When you see Dolph Lundgren’s name attached to a movie, you generally know what you’re going to get. Despite being a supremely intelligent man with a master’s degree in chemical engineering who once attended the famed MIT on a scholarship, the veteran action hero tends to star in very stupid films, with 2012’s Stash House being just one of many.
The premise is actually a halfway decent one, even if it doesn’t take long for things to descend into formula. Sean Faris and Briana Evigan star as a loved-up couple who purchase a home at a hefty discount due to a foreclosure. However, they swiftly find out that not only are the walls stuffed to the gills with drugs, but their new abode is the headquarters for a massive illicit operation, and there’s plenty of people who want to get their hands on the merchandise.
Fortunately, our intrepid protagonists also discover their dream house that instantly became a nightmare is also heavily fortified with bulletproof windows, reinforced walls, and other bells and whistles you’d associate with the epicenter of a large-scale drug-running enterprise.
Based on a Rotten Tomatoes user rating of 21 percent and an IMDb average of 4.7/10, you’re probably best to go into Stash House with fairly low expectations.
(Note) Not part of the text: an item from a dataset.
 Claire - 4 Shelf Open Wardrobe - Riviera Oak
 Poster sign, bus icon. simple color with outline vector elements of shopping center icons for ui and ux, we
Prime Video subscribers have cast aside the critical doubts and audience apathy, though, leading to the B-tier actioner embarking on an unexpected jaunt up the platform’s worldwide watch-list.
Per FlixPatrol, Stash House has been getting its fix on the streaming service’s Top 10 in multiple countries, even if it may end up suffering from withdrawals once users abandon it in their numbers after discovering it isn’t very good.